Consider this function:
#include <cstdint>
constexpr bool noLambda = true;
void funnyEval(const uint8_t* columnData, uint64_t dataOffset, uint64_t dictOffset, int32_t iter, int32_t limit, int32_t* writer,const int32_t* dictPtr2){
// Computation X1
const int32_t* dictPtr = reinterpret_cast<const int32_t*>(columnData + dictOffset);
// Computation X2
const uint16_t* data = (const uint16_t*)(columnData + dataOffset);
// 1. The less broken solution without lambda
if (noLambda) {
for (;iter != limit;++iter){
int32_t t=dictPtr[data[iter]];
*writer = t;
writer++;
}
}
// 2. The totally broken solution with lambda
else {
auto loop = [=](auto body) mutable { for (;iter != limit;++iter){ body(iter); } };
loop([=](unsigned index) mutable {
int32_t t=dictPtr[data[index]];
*writer = t;
writer++;
});
}
}
The problem here is that G++ somehow loves to pull computations X1
and X2
into the hot main loop, reducing the performance. Here are the details:
The function simply iterates over an array data
, looks up a value in a dictionary dictPtr
and writes it to a target memory location writer
.
data
and dictPtr
are computed at the beginning of the function. It has two flavors for doing so: one with a lambda, one without.
(Note that this function is just a minimal working example of much more complicated code. So please refrain from commenting that the lambda is unnecessary here. I am aware of this fact and in the original code it is necessary, unfortunately.)
The problem when compiling with the latest g++ (tried 8.1 and 7.2, same problem with older g++s as you can see in the godbolt links provided) with high optimization level (-O3 -std=c++14
) is the following:
Solution 2. (noLambda=false
) generates very bad code for the loop, even worse than the "naive" solution, because it assumes that it is a good idea to pull Computations X1 and X2, which are outside of the super hot main loop, into the super hot main loop, making it around 25% slower on my CPU.
.L3:
movl %ecx, %eax # unnecessary extra work
addl $1, %ecx
addq $4, %r9 # separate loop counter (pointer increment)
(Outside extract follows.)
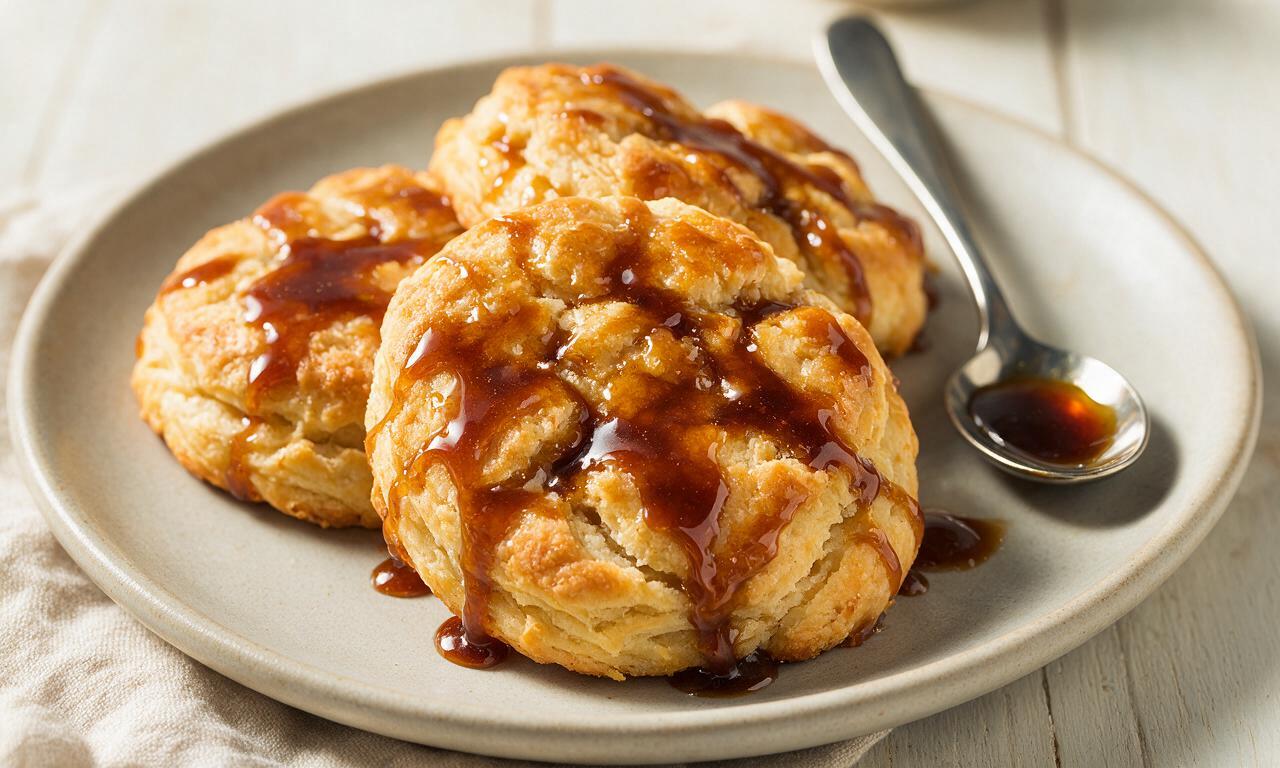 Butter Biscuits with Molasses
leaq (%rdi,%rax,2), %rax # array indexing with an LEA
movzwl (%rax,%rsi), %eax # rax+rsi is Computation X2, pulled into the loop!
leaq (%rdi,%rax,4), %rax # rax+rdx is Computation X1, pulled into the loop!
movl (%rax,%rdx), %eax
movl %eax, -4(%r9)
cmpl %ecx, %r8d
jne .L3
When using a usual for loop (noLambda=true
), then the code is better as X2 is no longer pulled into the loop, but X1 still is!:
.L3:
movzwl (%rsi,%rax,2), %ecx
leaq (%rdi,%rcx,4), %rcx
movl (%rcx,%rdx), %ecx # This is Computation X1, pulled into the loop!
movl %ecx, (%r9,%rax,4)
addq $1, %rax
cmpq %rax, %r8
jne .L3
You can try out that this is really X1 in the loop by replacing dictPtr
(the computation X1) in the loop with dictPtr2
(a parameter), the instruction will vanish:
.L3:
movzwl (%rdi,%rax,2), %ecx
movl (%r10,%rcx,4), %ecx
movl %ecx, (%r9,%rax,4)
addq $1, %rax
cmpq %rax, %rdx
jne .L3
This is finally the loop as I want to have it. A simple loop that loads the values and stores the result without pulling random computations into it.
So, what is going on here? It is seldom a good idea to pull a computation into a hot loop, but G++ seems to think so here. This is costing me real performance. The lambda exacerbates the whole situation; it leads G++ to pull even more computations into the loop.
What makes this problem so severe is that this is really trivial C++ code without fancy features. If I cannot rely on my compiler producing perfect code for such a trivial example, I will need to check the assembly of all hot loops in my code to make sure everything is as fast as it could be. This also means that there are probably a huge number of programs affected by this.